Tuesday, August 11, 2009


For every software engineer there is an area of Computer Science that is exciting and fun. While I love virtually every aspect of the craft, compilers and optimization are my two favorites. For those who may not know, a compiler is a computer program that converts human-readable text into something the computer can understand (this is often called "machine language"). There are compilers for all sorts of human-readable languages, like C, C++, C#, Visual Basic, Python, and so on. Writing the program that has to understand text and turn it into something the computer can actually use is a very challenging endeavor, but it is also one of the more intellectually satisfying things I've done. There are all sorts of interesting aspects to writing a compiler that come up only after you're embedded in the design and implementation of the thing. You have to draw from all areas of Computer Science to make it work, but one of the most fascinating areas for me is optimization.

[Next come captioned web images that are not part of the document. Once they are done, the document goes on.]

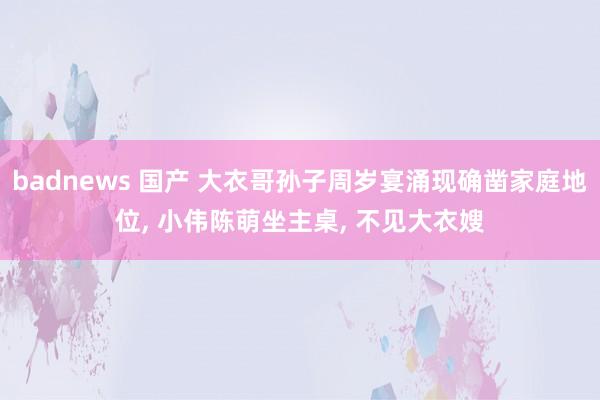 badnews 国产 大衣哥孙子周岁宴涌现确凿家庭地位, 小伟陈萌坐主桌, 不见大衣嫂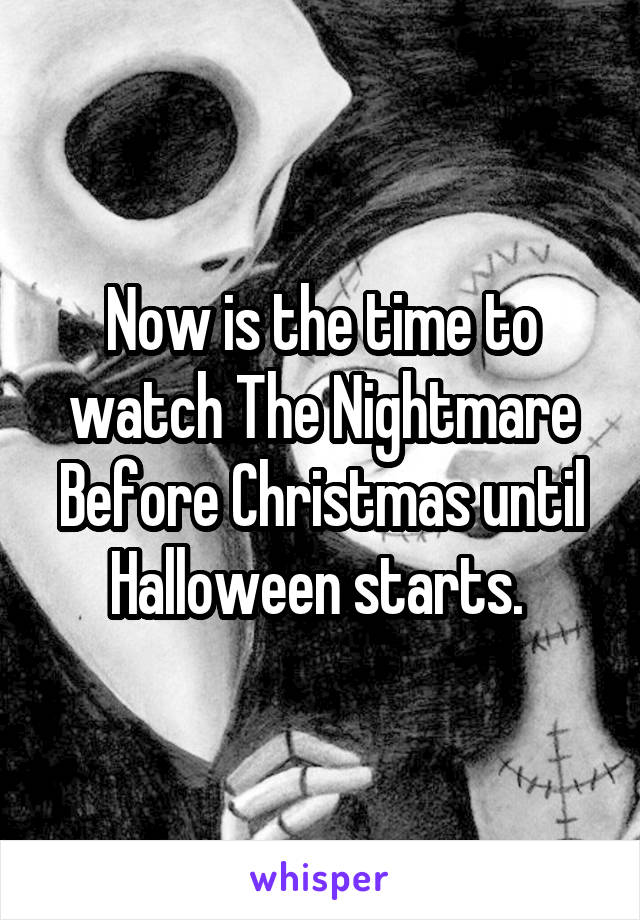 Now is the time to watch The Nightmare Before Christmas until Halloween starts. 
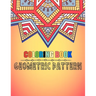 Coloring book geometric pattern: An Adult Coloring Book Relaxing And Stress Relieving Adult Coloring Books
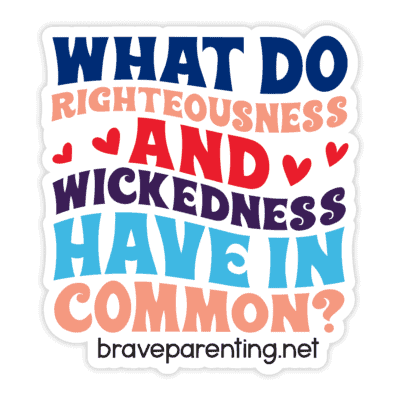 "What Do Righteousness And Wickedness Have In Common?" Sticker - Version 2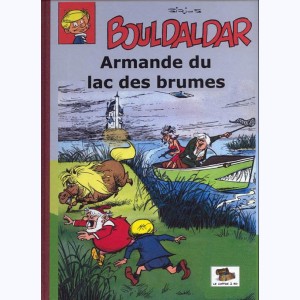 Bouldaldar et Colégram : Tome 14, Armande du lac des brumes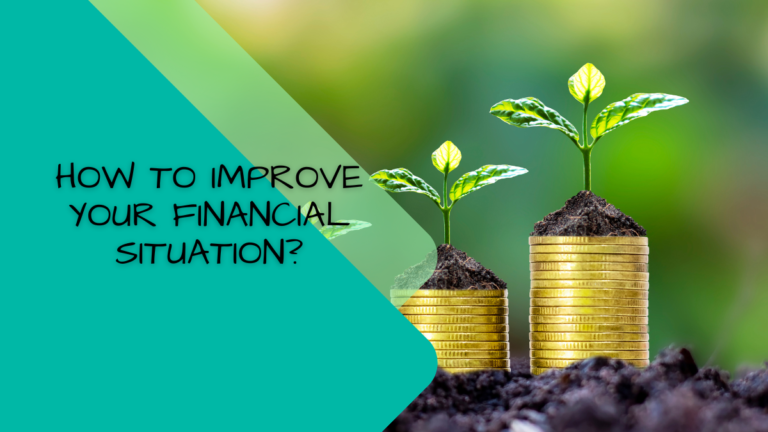 How To Improve Your Financial Situation?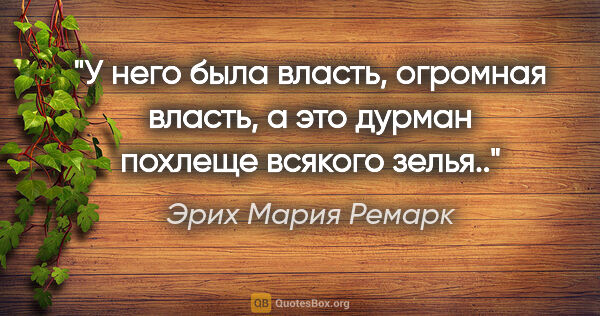 Эрих Мария Ремарк цитата: "У него была власть, огромная власть, а это дурман похлеще..."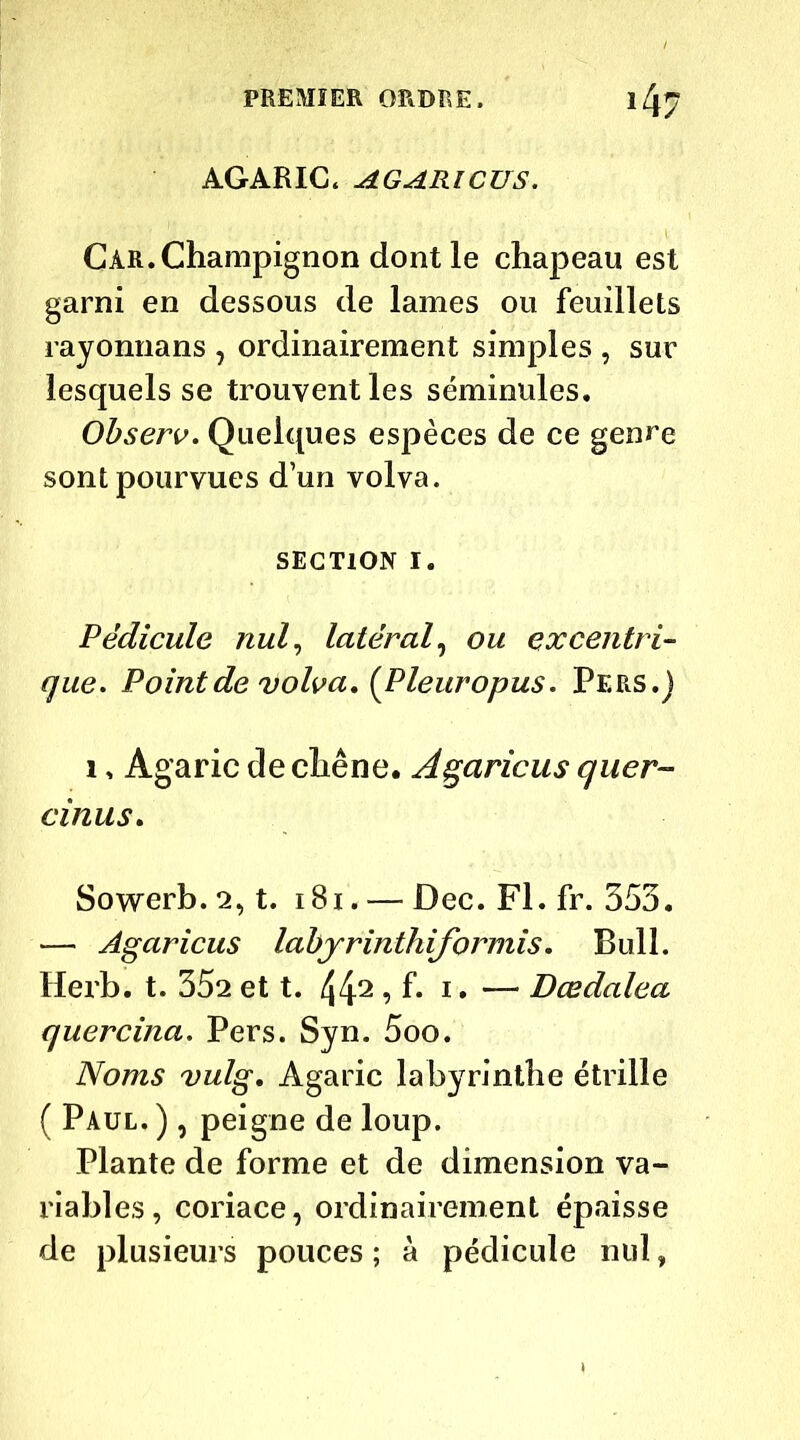 AGARIC. AGARICUS. Car. Champignon dont le chapeau est garni en dessous de lames ou feuillets rayonnans , ordinairement simples , sur lesquels se trouvent les séminales. Observ. Quelques espèces de ce genre sont pourvues d’un volva. SECTION i. Pédicule nul, latéral, ou excentri- que. Point de volva. (Pleuropus. Pers.) i , Agaric de chêne. Agaricus quer- cinus. Sowerb.2, t. 181. — Dec.Fl.fr. 353. — Agaricus labjrinthiformis. Bull. Herb. t. 352 et t. 442 A- 1 • — Dœdalea quercina. Pers. Syn. 5oo. Noms vulg. Agaric labyrinthe étrille ( Paul. ), peigne de loup. Plante de forme et de dimension va- riables, coriace, ordinairement épaisse de plusieurs pouces ; à pédicule nul,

Optimization requires you to look at a problem from all sorts of different angles so you can be sure you understand exactly what you're dealing with. The goal is to take a program (or a piece of a program) and somehow make it better. Perhaps you want to make it smaller by cutting out all of the useless cruft. Maybe you need it to run faster. Sometimes you need to change it so that it is easier to understand and maintain later on. All of these fall under the general heading "Optimization".

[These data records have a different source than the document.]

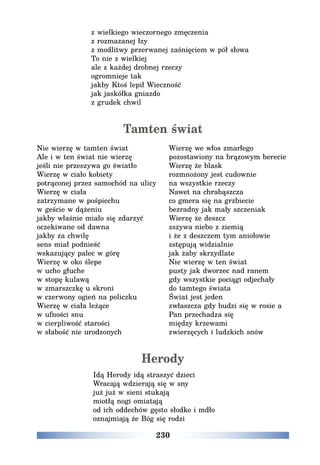 230
z wielkiego wieczornego zmęczenia
z rozmazanej łzy
z modlitwy przerwanej zaśnięciem w pół słowa
To nie z wielkiej
ale z każdej drobnej rzeczy
ogromnieje tak
jakby Ktoś lepił Wieczność
jak jaskółka gniazdo
z grudek chwil
Tamten świat
Nie wierzę w tamten świat
Ale i w ten świat nie wierzę
jeśli nie przeszywa go światło
Wierzę w ciało kobiety
potrąconej przez samochód na ulicy
Wierzę w ciała
zatrzymane w pośpiechu
w geście w dążeniu
jakby właśnie miało się zdarzyć
oczekiwane od dawna
jakby za chwilę
sens miał podnieść
wskazujący palec w górę
Wierzę w oko ślepe
w ucho głuche
w stopę kulawą
w zmarszczkę u skroni
w czerwony ogień na policzku
Wierzę w ciała leżące
w ufności snu
w cierpliwość starości
w słabość nie urodzonych
Wierzę we włos zmarłego
pozostawiony na brązowym berecie
Wierzę że blask
rozmnożony jest cudownie
na wszystkie rzeczy
Nawet na chrabąszcza
co gmera się na grzbiecie
bezradny jak mały szczeniak
Wierzę że deszcz
zszywa niebo z ziemią
i że z deszczem tym aniołowie
zstępują widzialnie
jak żaby skrzydlate
Nie wierzę w ten świat
pusty jak dworzec nad ranem
gdy wszystkie pociągi odjechały
do tamtego świata
Świat jest jeden
zwłaszcza gdy budzi się w rosie a
Pan przechadza się
między krzewami
zwierzęcych i ludzkich snów
Herody
Idą Herody idą straszyć dzieci
Wracają wdzierają się w sny
już już w sieni stukają
miotłą nogi omiatają
od ich oddechów gęsto słodko i mdło
oznajmiają że Bóg się rodzi
 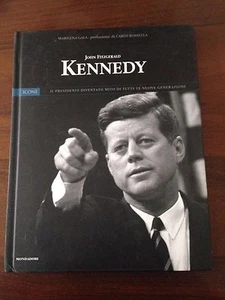 John Fitzgerald Kennedy Il Presidente Diventato Mito... Icone Mondadori - 2004 - Picture 1 of 1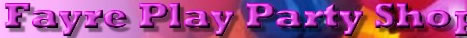 fayre play party shop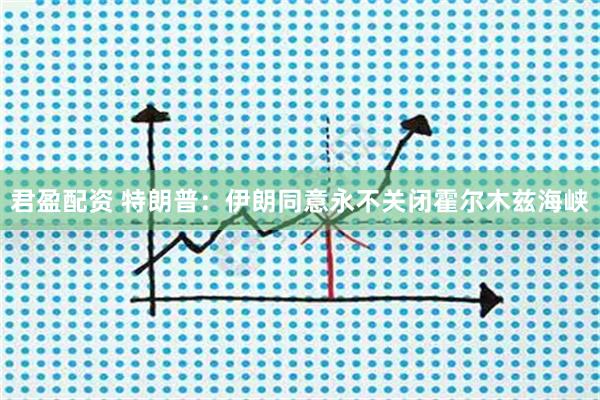君盈配资 特朗普：伊朗同意永不关闭霍尔木兹海峡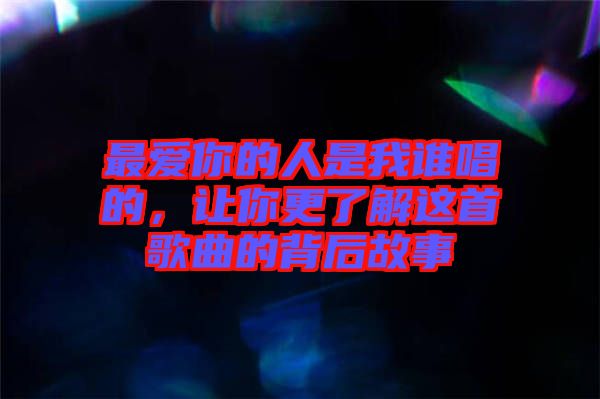 最愛你的人是我誰唱的，讓你更了解這首歌曲的背后故事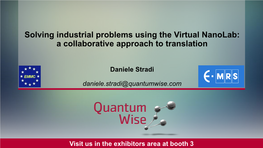 Solving Industrial Problems Using the Virtual Nanolab: a Collaborative Approach to Translation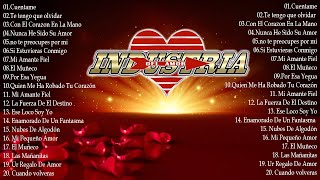 💞INDUSTRIA DEL AMOR Mejores Canciones 𝐑𝐨𝐦𝐚𝐧𝐭𝐢𝐜𝐚𝐬  De Las canciones de amor más románticas Mix [upl. by Idner]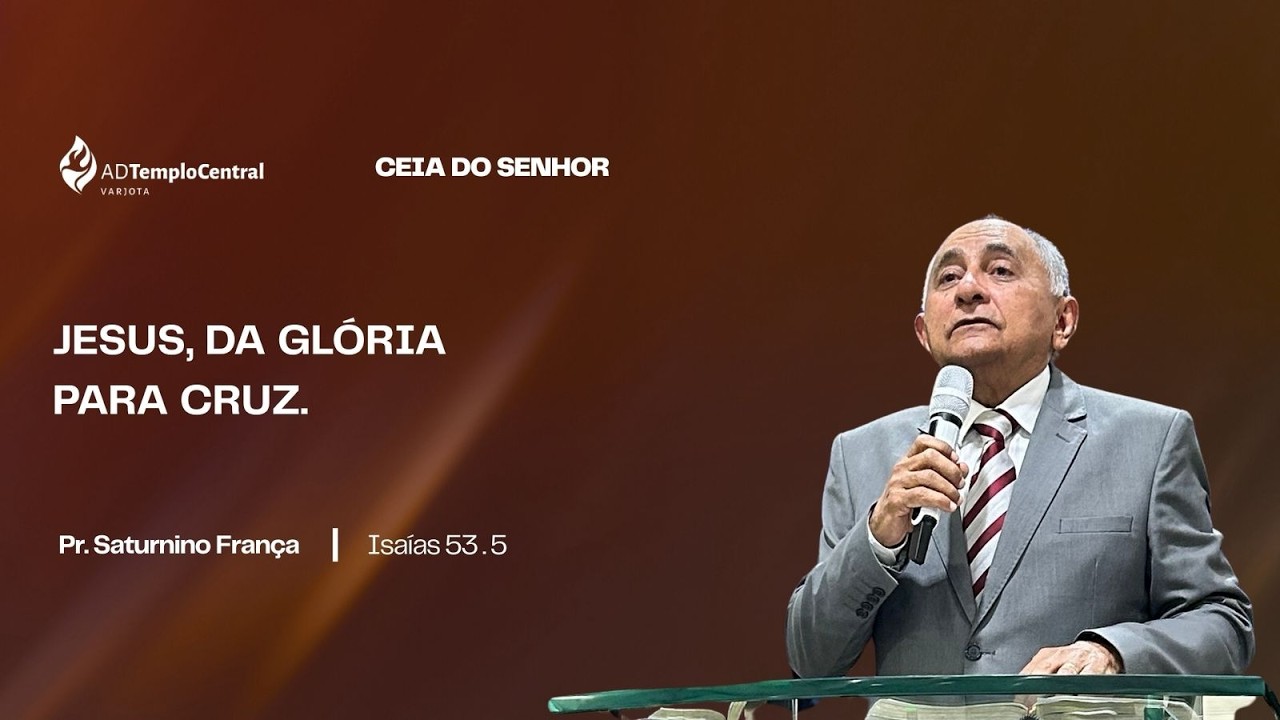 ADTC Varjota | Santa Ceia | Pr.Saturnino França - JESUS, DA GLORIA PARA CRUZ.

The project I'm working on now has me dealing with many large files (hundreds of files that are each at least 10 megabytes in size). These files contain information that has to be updated at an astounding pace. At its peak, my program must perform close to 20,000 updates per second. Just finding the correct information in each file to update is a challenge. Maintaining this level of speed adds a whole lot more to the challenge. Doing all of this in C# (on top of .NET) adds another level of excitement. Eight months ago, I was not sure it could be done without lots of computers working together as one big virtual computer. Now, I'm watching it run on my home PC with close to 40,000 updates per second. Amazing.

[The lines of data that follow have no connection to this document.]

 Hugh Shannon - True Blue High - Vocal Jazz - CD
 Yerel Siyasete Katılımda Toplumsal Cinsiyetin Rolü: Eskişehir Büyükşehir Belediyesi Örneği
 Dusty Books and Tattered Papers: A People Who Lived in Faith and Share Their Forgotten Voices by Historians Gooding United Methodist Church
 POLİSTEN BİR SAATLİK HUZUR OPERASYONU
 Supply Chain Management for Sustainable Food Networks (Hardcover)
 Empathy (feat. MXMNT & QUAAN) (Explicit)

Eash file uses a database engine, SQLite, as its maintainer. I chose SQLite for three main reasons: Transactions, speed, and encryption. Since there are several changes that need to be made to each file as part of one sequence, I wanted to make sure that either everything happened correctly or no changes were made at all. This is called "atomic" behavior, and requires transactions to work correctly. Obviously, I needed it to be very fast and one of SQLite's primary features is its speed. I had to take that claim on trust until I built a prototype system. Finally, I needed each one of these files to be encrypted - nobody else should be able to see what is inside the file unless they know the complicated password.

Everything in this project is written on top of Microsoft's .NET framework. Thus, to use SQLite, I had to use SQLite.NET from Robert Simpson. I was concerned that the .NET version would not be able to keep up with my speed requirements, but it turns out that this was not a problem at all. Each file individually can be accessed, updated, and checked close to 50,000 times per second on my home PC. I find this amazing, especially given that the files are encrypted with RC2 data encryption.

I am left both happy and sad with the results I've seen. I'm happy because SQLite.NET has done everything I've asked of it better than I expected. I'm sad because there's no reason to optimize anything any further than the prototype. For something that took me a few weeks to build, I'm impressed. Consider this post a glowing review of SQLite.NET specifically and the SQLite database generally.